Angel Collinson and Griffin Post get the movie started off.

Walking out of the crisp night air and into the Emerson on Tuesday night was almost like being transported two months forward in time. Beanies, goggles, colorful one-pieces and just about every skiing brand label known to man screamed at the people inside, one-upped only by the screams of the highly animated crowd.

Premiere season is clearly in full swing, as aggressive high-fiving and all other types of stoke filled Bozeman’s premiere of Teton Gravity Research’s “The Dream Factory.” The excitement was apparent to TGR athlete Griffin Post, fresh off the world premiere at Jackson Hole Resort in Wyoming last weekend.

“The Bozeman crowd is definitely one of the rowdiest. It’s amazing to see so much energy two months out of ski season,” Post said.

This was no understatement. As the athletes introduced the film and the mandatory product toss commenced, the energy surged. When Angel Collinson introduced herself, the crowd wolf-whistled and hollered (no doubt for the epic performance they knew they would see from her, and in no way due to her miniskirt).

After the sponsor thank-you’s and a shoutout to the Bozeman crowd, the movie finally began with shots of some of the deepest Alaskan pow imaginable — an almost unfamiliar sight to most Bozemanites after last year’s dismal winter. “The Dream Factory” was a perfect example of skiers adapting to unforeseen circumstances. As the Lower 48 spent most of last winter lukewarm and snow-starved, the TGR crew headed north to the Last Frontier and decided to film their entire movie there (aside from a few Jackson Hole Shots, featuring possibly the most epic Corbet’s Couloir session ever recorded).
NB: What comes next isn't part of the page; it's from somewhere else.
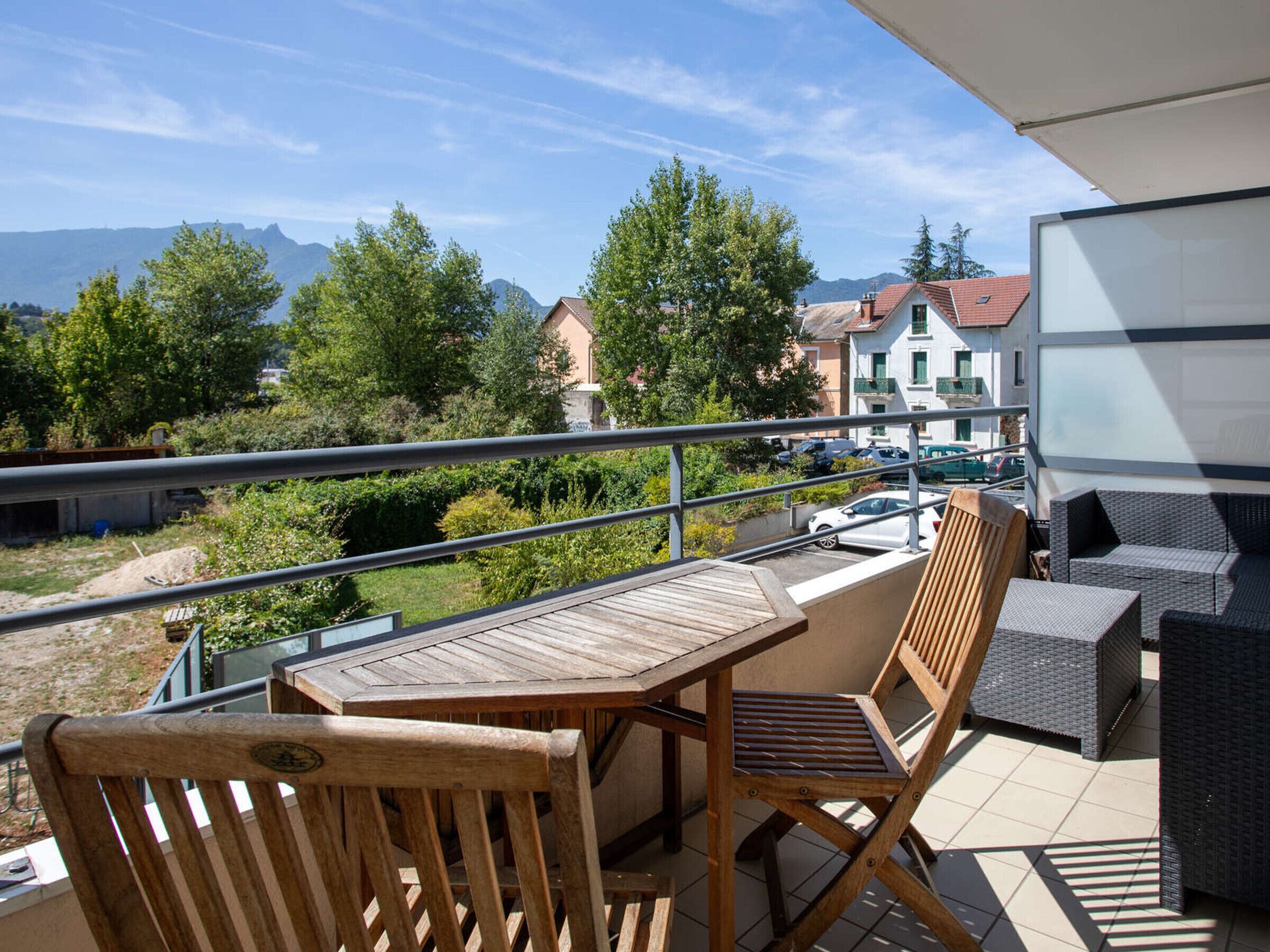 A balcony with a wooden table and chairs, overlooking a residential area with houses and trees.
Avoiding the typical big mountain ski porn most would expect from an Alaska-centered flick, “The Dream Factory” delved into the history of Alaska and the skiing intertwined with it. Old shots and new footage fit remarkably well together, especially the awesome footage of the original World Freeride Championships — essentially the birth of heli-accessed freeskiing in Alaska. Side-by-side footage of different athletes skiing the same line 20 years apart gave the audience a glimpse of the spirit of downhill snowsports’ forefathers, showing us how skiing was set in motion and how we ended up here today — packed shoulder-to-shoulder and neck-deep in the debauchery of movie premiere season.